Much of this story is told in Rodger Van Allen’s history, The Commonweal and American Catholicism. Unlike the internal bloodlettings suffered by many political and corporate teams, Commonweal’s differences were pursued in a way that would make the Marquis of Queensbury look like a brawler. But Jack’s hiring, without consultation among the whole staff, threatened to add a spark to a combustible atmosphere.
That never happened. It was impossible not to like Jack. He added sparks, but of a different sort. Professional skill, to be sure, for Jack was the product of a long career in journalism, first as teenage stringer for the Worcester Telegram and the Boston Post, then freelancer in Ireland and France following his World War II military service, and finally editor of diocesan papers in Worcester and Pittsburgh who had covered three session of Vatican II.
Then there was sheer energy. Office life benefited from the two books he wrote and one he edited during his tenure at Commonweal. (Jack’s lifetime output added up to twenty-three such volumes.) His Literary Places: A Guided Pilgrimage, New York and New England reflected a devotion to great writers nurtured at College of the Holy Cross and, on the G.I. Bill, at Trinity College, Dublin. His later book, Auden as Didymus (1993), delved into the columns that W. H. Auden wrote for Commonweal in the 1940s under the pen name of Didymus (the Good Thief).

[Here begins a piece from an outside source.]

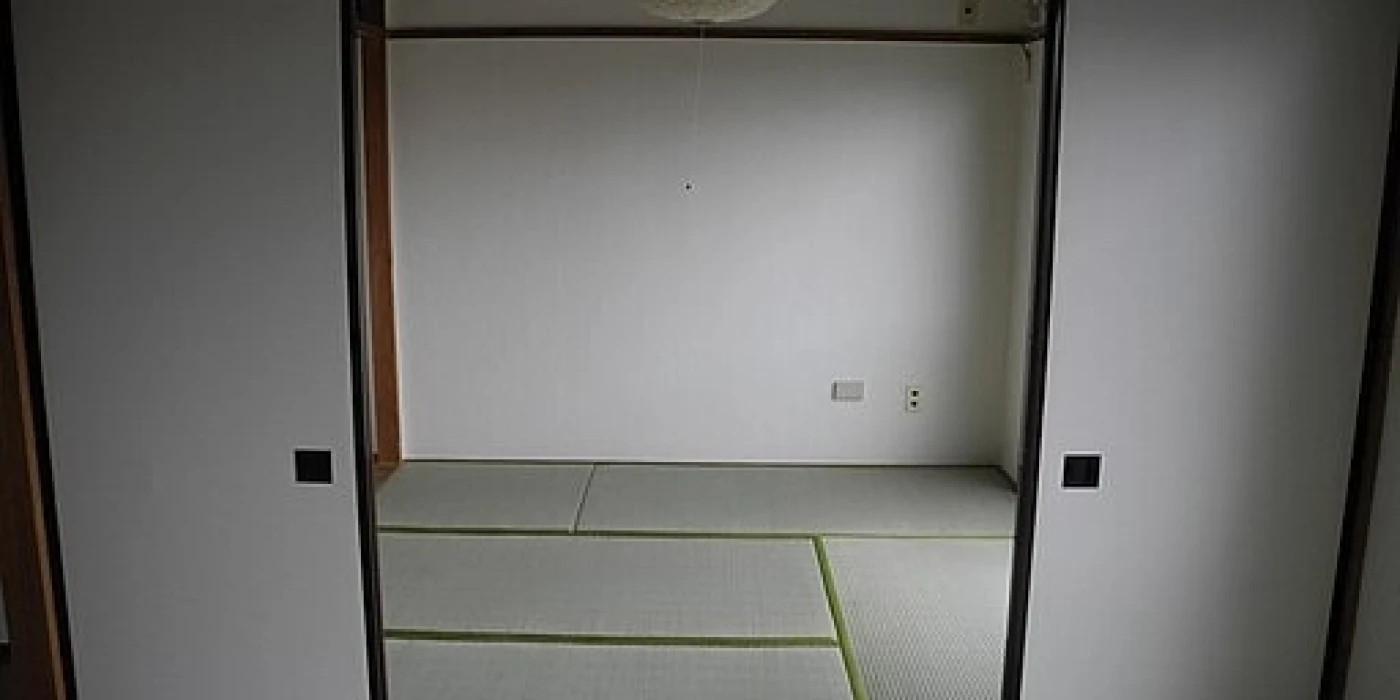 Empty_Tokyo_apartment_with_tatami_2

Jack also wrote for Catholic journals in France, Italy, and Britain as well as for the Nation, the New Republic, the Critic, and other magazines here. For a while, he even managed a radio program.

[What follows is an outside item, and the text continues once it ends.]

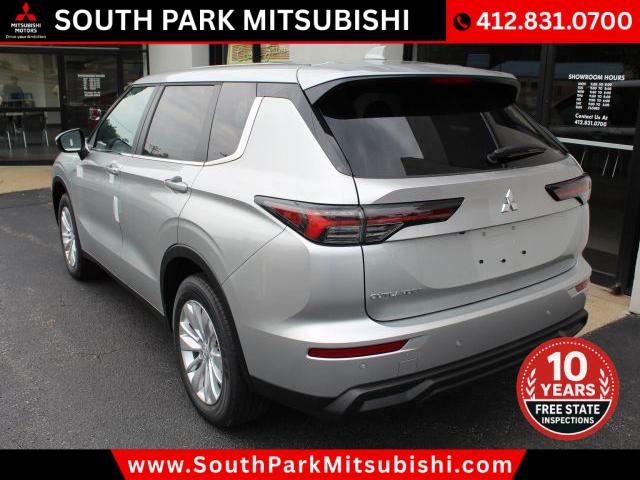 2025 Mitsubishi Outlander ES 2.5 S-AWC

Still, the spark that counted most was the tireless yet inveterately cheerful way he went about trying to expose and undo the world’s-and the church’s-follies.
Jack was a man graced with kindness but not, to all appearances, plagued by doubts or ambiguities. His “News & Views,” a page of quick and pointed items, ran inside the cover of every issue of Commonweal. He almost certainly didn’t intend it, but the column’s placement and his own deft touch made it in some ways the face of the magazine during the late 1960s and for much of the 1970s. His politics were liberal, of the kind running from the New Deal to the Great Society. His sympathies were with rebels and underdogs. If you ever bumped up against the authorities in a good cause, he was the guy you wanted on your jury.
In 1968, a year after Jack arrived at Commonweal, liberal Catholics were dealt a double blow, Humanae vitae and the bitter divisions among Democrats over Vietnam. “These were exciting but hardly triumphant years for an editor at Commonweal,” the magazine noted in an editorial bidding Jack farewell. “American liberalism was fragmenting, postconciliar optimism evaporating. Through it all, John Deedy carried on in a style that matched militancy with good humor, a zeal for combat with personal gentleness, and a refusal to take it all too seriously.” May he rest in peace.